Le dernier film du réalisateur italien Nanni Moretti, Vers un avenir radieux a été projeté lors de la cérémonie d’ouverture du 4e Festival d’Annaba du film méditerranéen, dans la soirée du mercredi 24 avril.

Nanni Moretti, 70 ans, a repris son prénom pour interpréter le personnage de Giovanni, metteur en scène en colère, dans la comédie Vers un avenir radieux (Il sol dell’avvenire) pour critiquer l’état déplorable, à ses yeux, du cinéma contemporain. Un cinéma débordant de sujets superficiels et violents et conditionné par les orientations des producteurs-diffuseurs des plateformes numériques comme Netflix. Giovanni doit réaliser un nouveau film sur un cirque hongrois qui visite l’Italie en 1956 quelques jours avant l’entrée des troupes soviétiques à Budapest en novembre de la même année pour écraser une insurrection. Ennio (Silvio Orlando), rédacteur en chef du journal l’Unita, organe officiel du PCI (Parti communiste italien), doit-il prendre position contre Moscou ou continuer à croire à l’idéal progressiste ? Dilemme. Lors d’une discussion avec l’équipe du film, un collaborateur de Giovanni s’interroge si des communistes avaient bien existé en Italie par le passé. «Les communistes ne vivaient qu’en Russie», dit-il. Giovanni lui rappelle qu’à un moment donné, le PCI compte près de deux millions d’adhérents. Le producteur français du film, au bord de la faillite, s’engage avec Giovanni même s’il paraît parfois peu convaincu par l’histoire.
 

Des idées dépassées ?

Paola (Margherita Buy), épouse de Giovanni,  produit un film d’un réalisateur plus jeune adepte des actions violentes. Le film est coproduit par les coréens. Giovanni a beau protester en assistant au tournage. Il dénonce des scènes qui heurtent le cinéma. La productrice et le réalisateur tiennent à leurs choix artistiques considérés comme vendeurs. Giovanni peine aussi à travailler avec une équipe technique qui multiplie les erreurs. Il trouve de la difficulté à rassembler sa fille et son épouse pour voir ensemble dans le salon un film à l’ancienne à la télévision en dégustant des crèmes glacées. Les deux femmes s’ennuient vite et reprennent leurs smartphones. L’épouse de Giovanni veut le quitter. «On parle de politique, de cinéma, du travail, de tout sauf de nous deux», se confie-t-elle à un psychologue. Sa fille, qui fait de la musique, s’éloigne de la maison parentale pour aller vers avec son ami. Giovanni commence à constater que ses idées sur la vie et sur le cinéma sont dépassées, voire figées. 
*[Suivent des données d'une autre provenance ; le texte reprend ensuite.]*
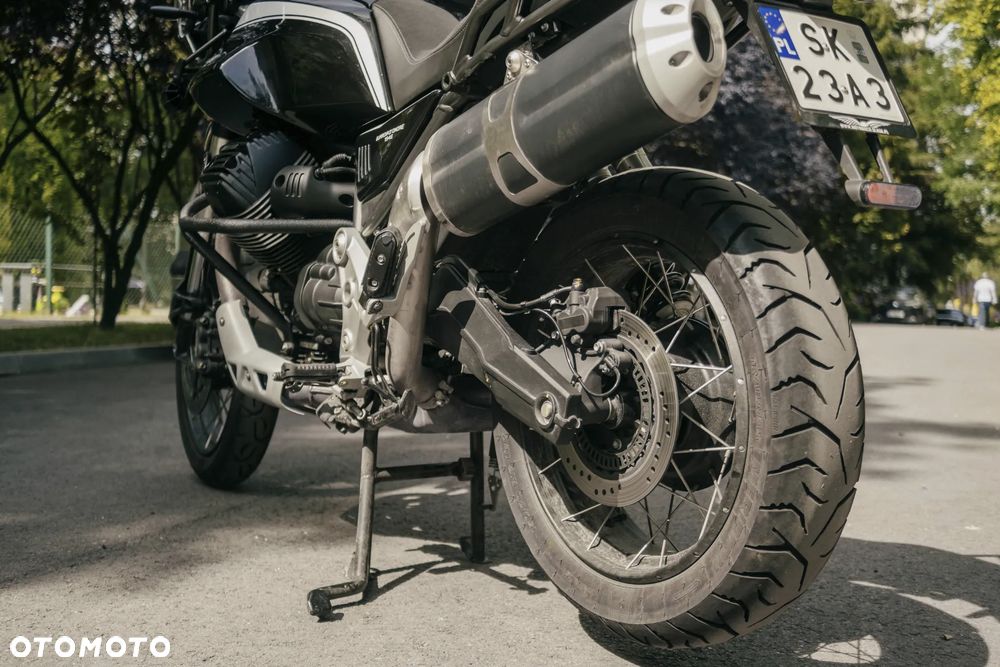 Moto Guzzi V85 - 4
Doit-il s’adapter à la situation ?  Il accepte à contrecœur de discuter avec des producteurs de Netflix qui lui proposent de multiplier les rebondissements dans son scénario dès les premières minutes. La discussion échoue. Giovanni refuse de céder sur ses choix et sa vision sur le cinéma. Nanni Moretti avait confié qu’il a été blessé de voir un monstre du cinéma comme Martin Scorsese accepter, en 2021, de réaliser la plateforme américaine le long métrage The Irishman (l’irlandais) sur le crime organisé des années 1940-1950 aux Etats-Unis.


«Les plateformes, c’est pour les séries»

«Les plateformes, c’est pour les séries. Les films doivent se faire pour le cinéma. Tant qu’il y aura des cinémas ouverts, je ferai des films pour le cinéma. Quand j’écris un film, je ne peux pas imaginer que je l’écris pour un gamin de 14 ans en train de le regarder sur son téléphone portable», a confié Nanni Moretti, lors d’une interview. 
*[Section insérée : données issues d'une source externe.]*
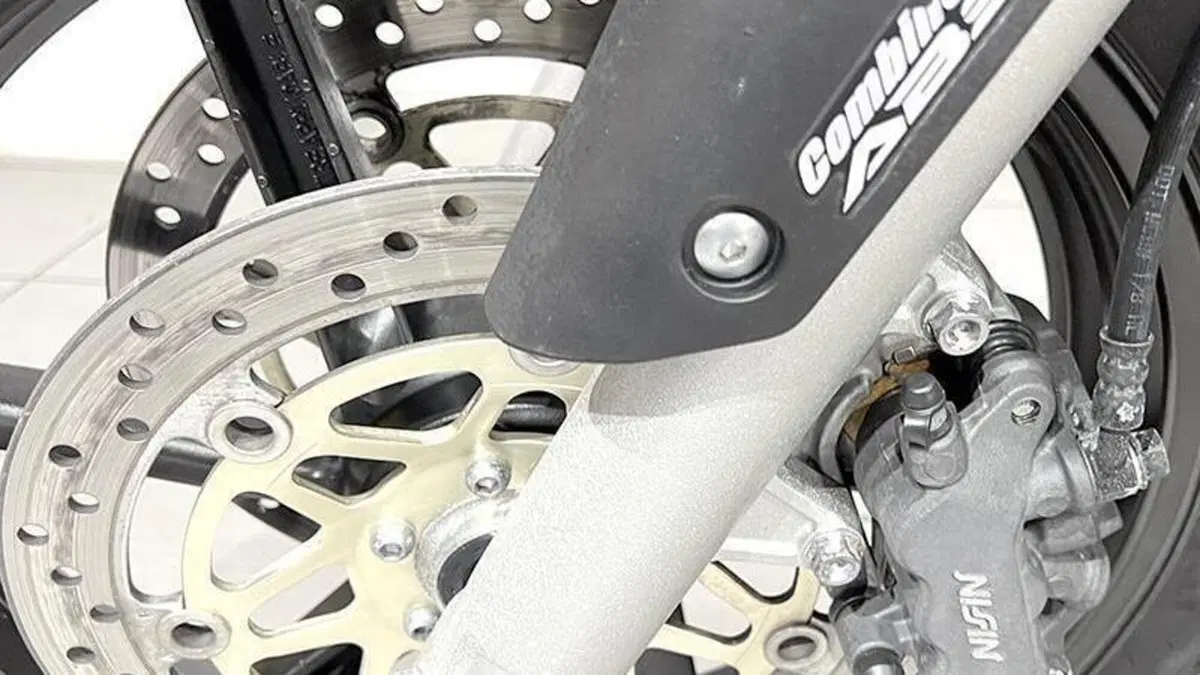 Honda Crossrunner ABS (2010 - 14)  (4)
Le réalisateur de La messe est finie continue donc de croire à la magie du cinéma, au cinéma authentique, le cinéma d’auteur, avec des scènes et des images gorgées d’émotions et d’invitation à la réflexion. Le grand écran est, selon lui, incontournable. Dans L’avenir sera radieux, il rend hommage au PCI qui fut le seul parti communiste au monde à dénoncer la répression par les soviétiques de la révolte des hongrois 1956.

 Nanni Moretti a fait appel à trois autres scénaristes Francesca Marciano, Valia Santella et Federica Pontremoli pour écrire un film touchant, joyeux et triste à la fois, portant une importante part autobiographique. 

Nanni Moretti croit que le cinéma peut sauver le monde, d’où son retour au passé dans une comédie piquante et sucrée à la fois pour dire, peut être, que rien n’est encore perdu. Les utopies ne sont pas mortes, autant que les rêves.